Problem to solve ▸
Every line from the one containing "Lodanna Two Drawer" through the end of the listing below must be given again exactly, and nothing else; exclude pictures.

Records for this task ▸
-----

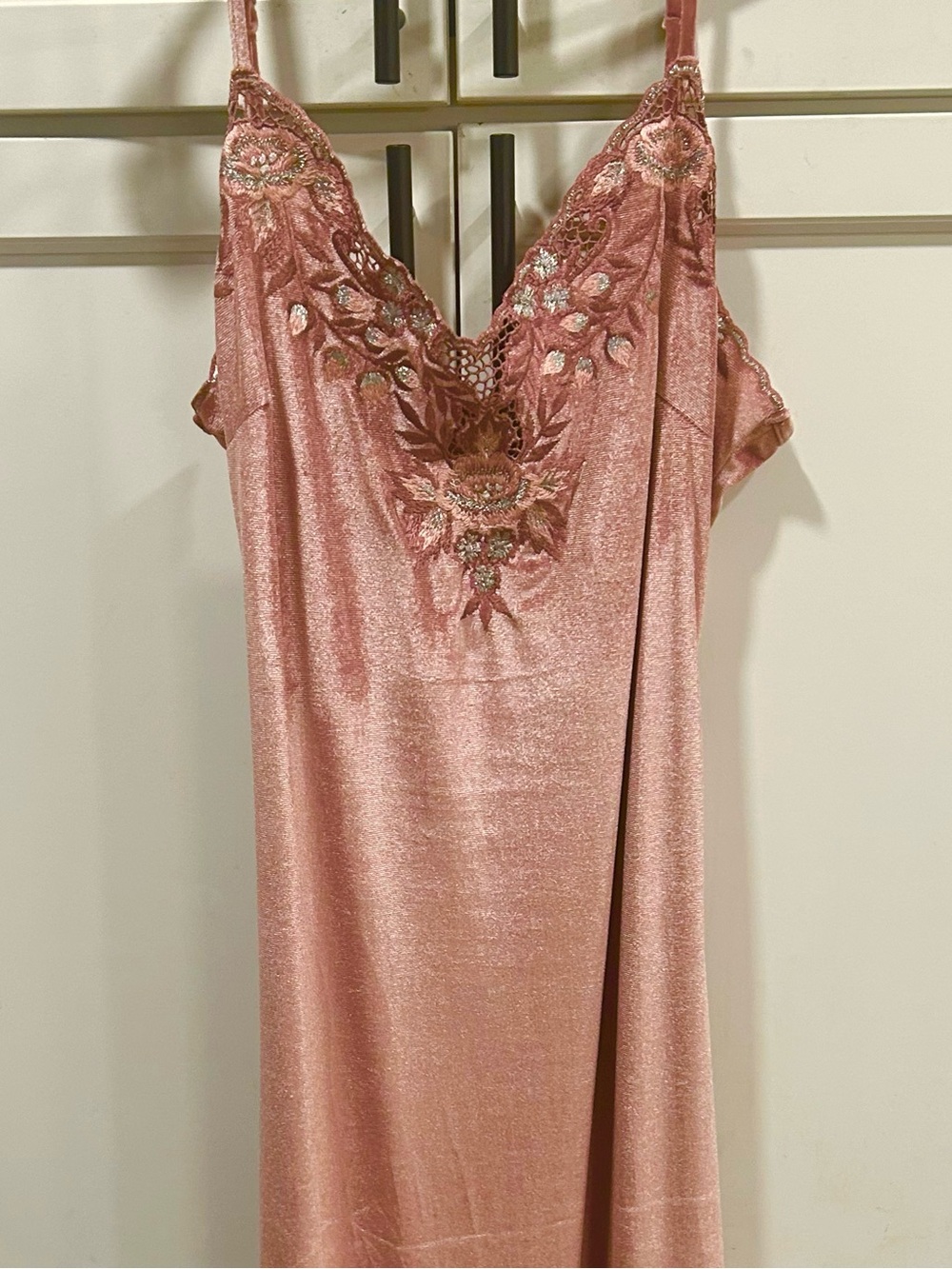 Women's Pink Silk Velvet Dress with Pink and Silver Embroidered Top - Picture 10 of 10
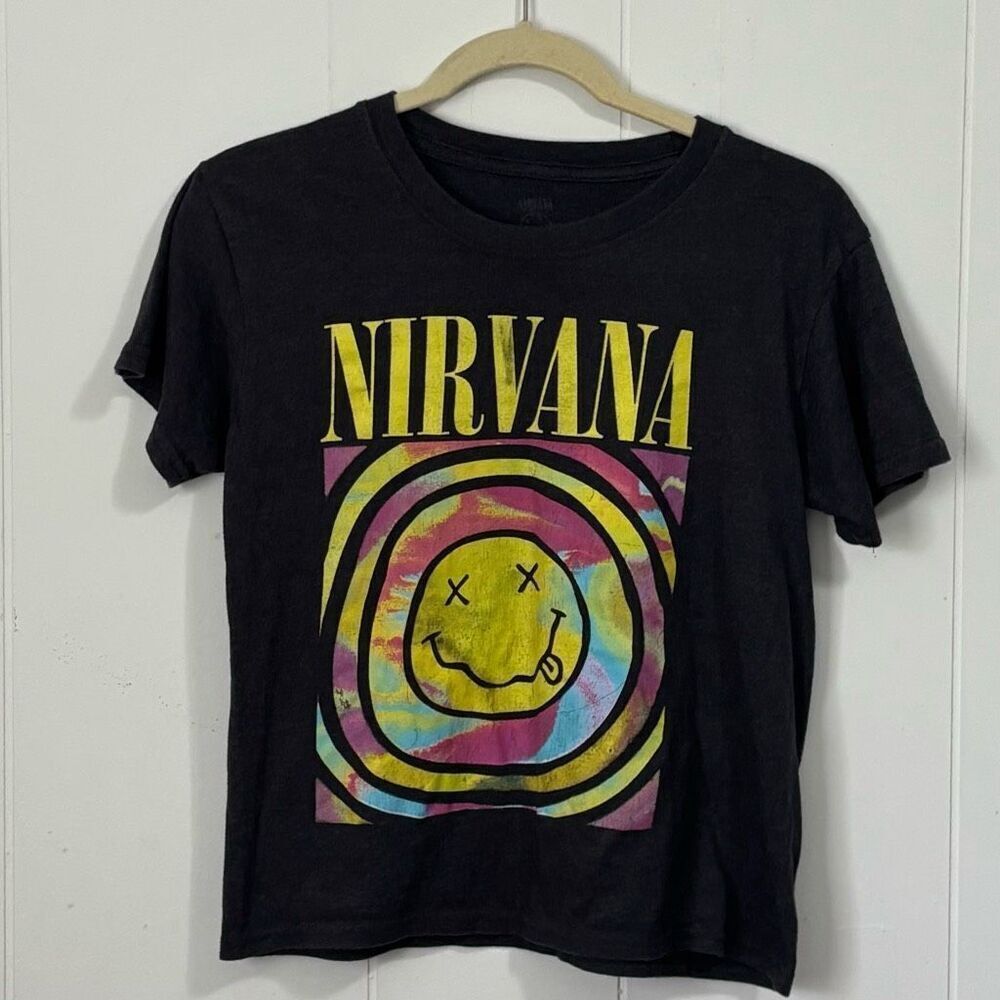 Nirvana Cropped Graphic Band T-Shirt XS grunge‎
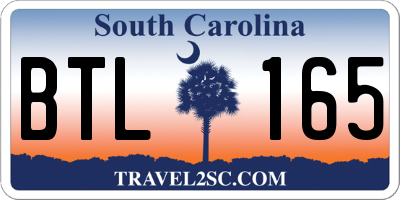 SC license plate BTL165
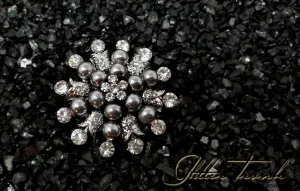 Ziva Pearl Crystal Brooch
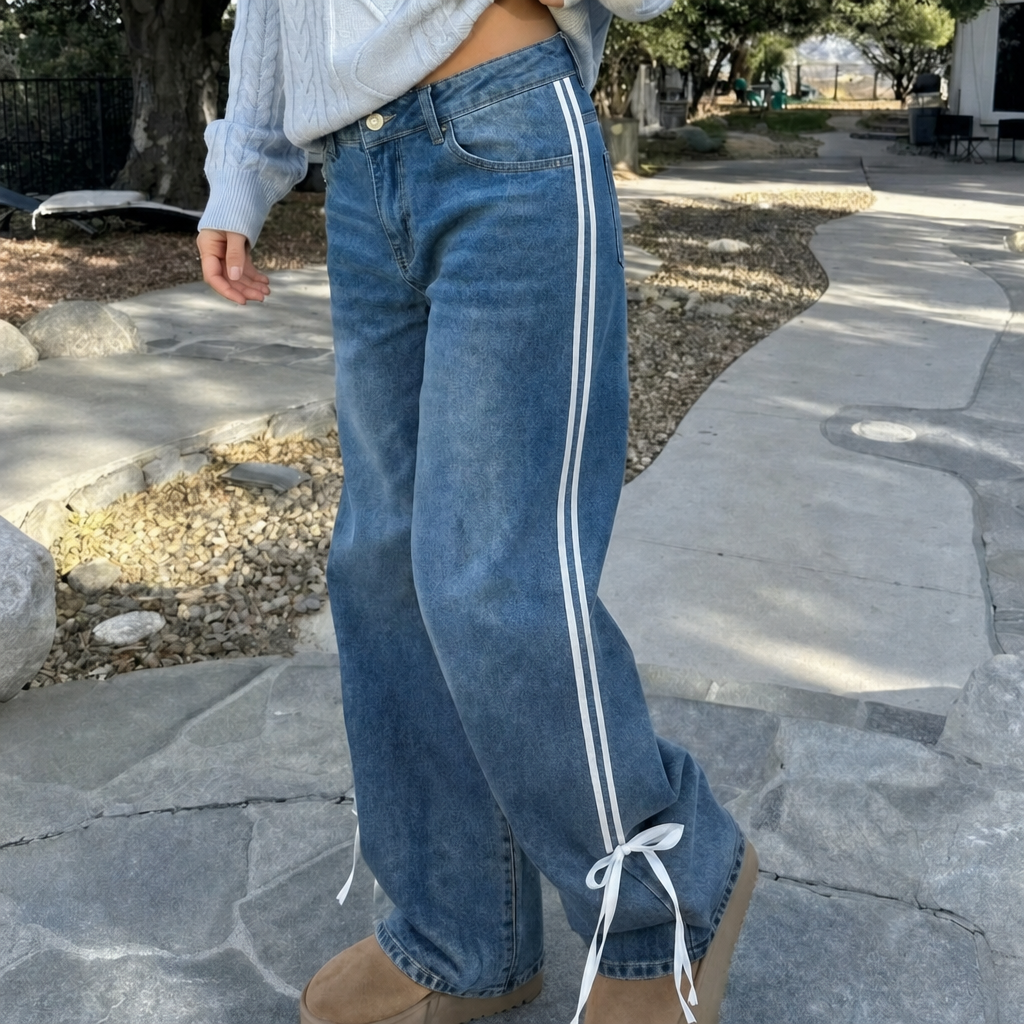 Freya | Women's Wide-Leg Jeans | Side Stripe · Eltrendio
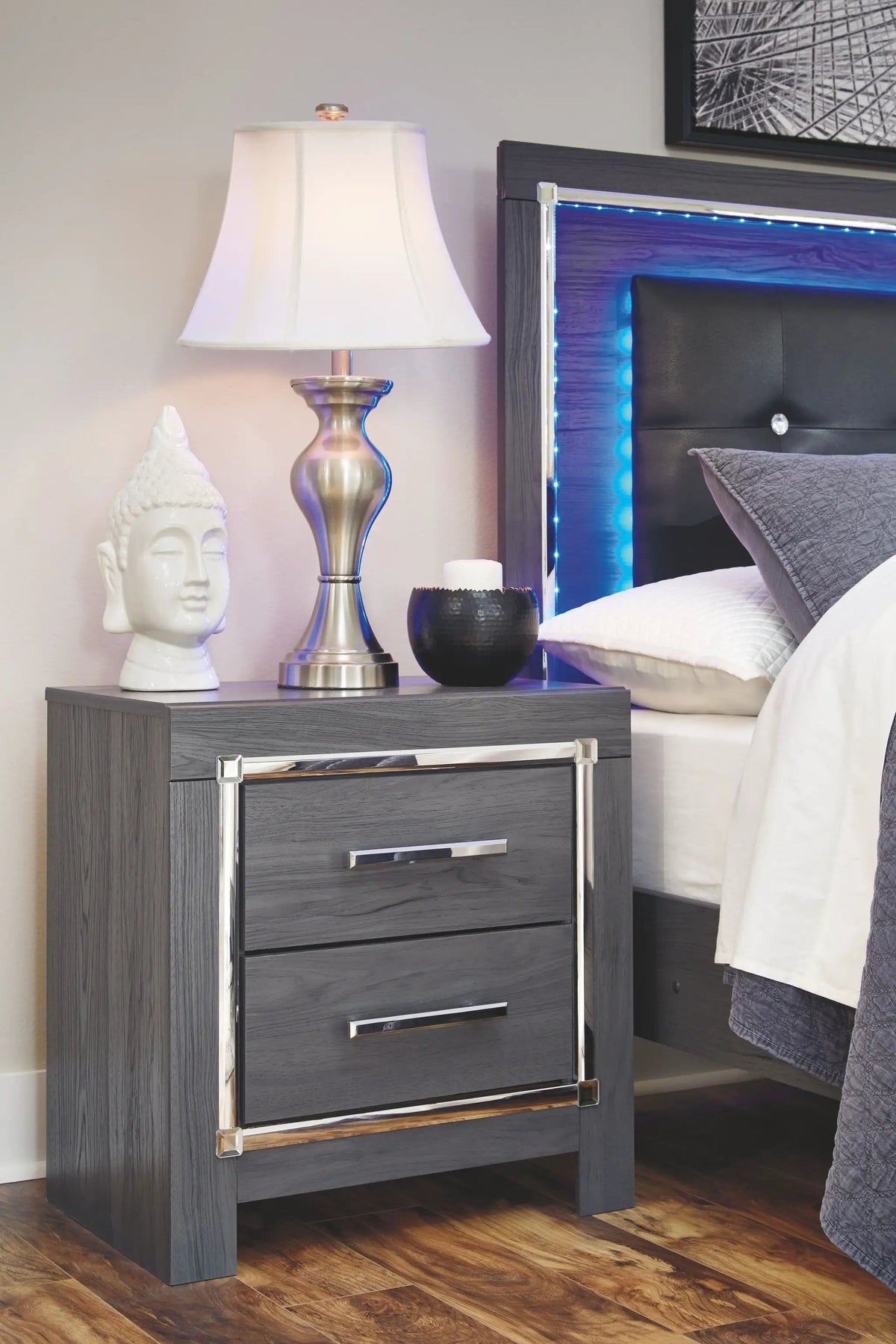 Lodanna Two Drawer Night Stand Accent Nightstand | 23.66 x 15.71 x 24.41 in | Engineered Wood & Linen | Gray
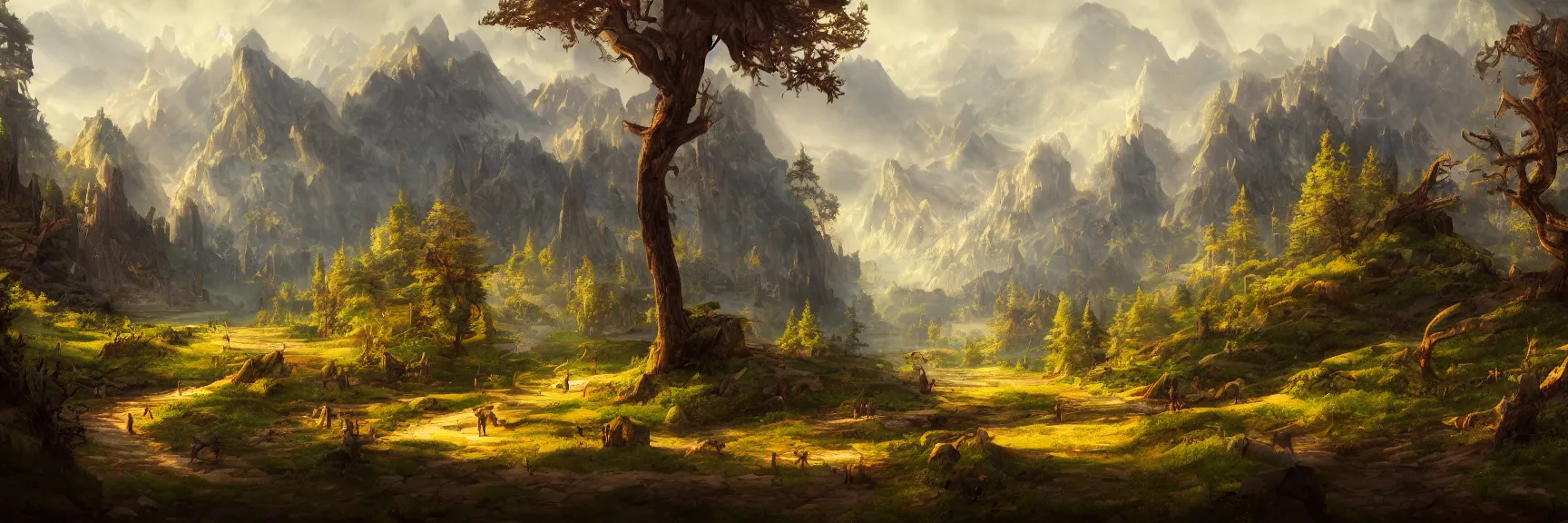 Image similar to a beautiful landscape fantasy landscape painting of a jund panorama. magic the gathering land art by asher brown durand and marc simonetti, trending on artstation hq 8k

-----

Solution to this problem ▸
 Lodanna Two Drawer Night Stand Accent Nightstand | 23.66 x 15.71 x 24.41 in | Engineered Wood & Linen | Gray
 Image similar to a beautiful landscape fantasy landscape painting of a jund panorama. magic the gathering land art by asher brown durand and marc simonetti, trending on artstation hq 8k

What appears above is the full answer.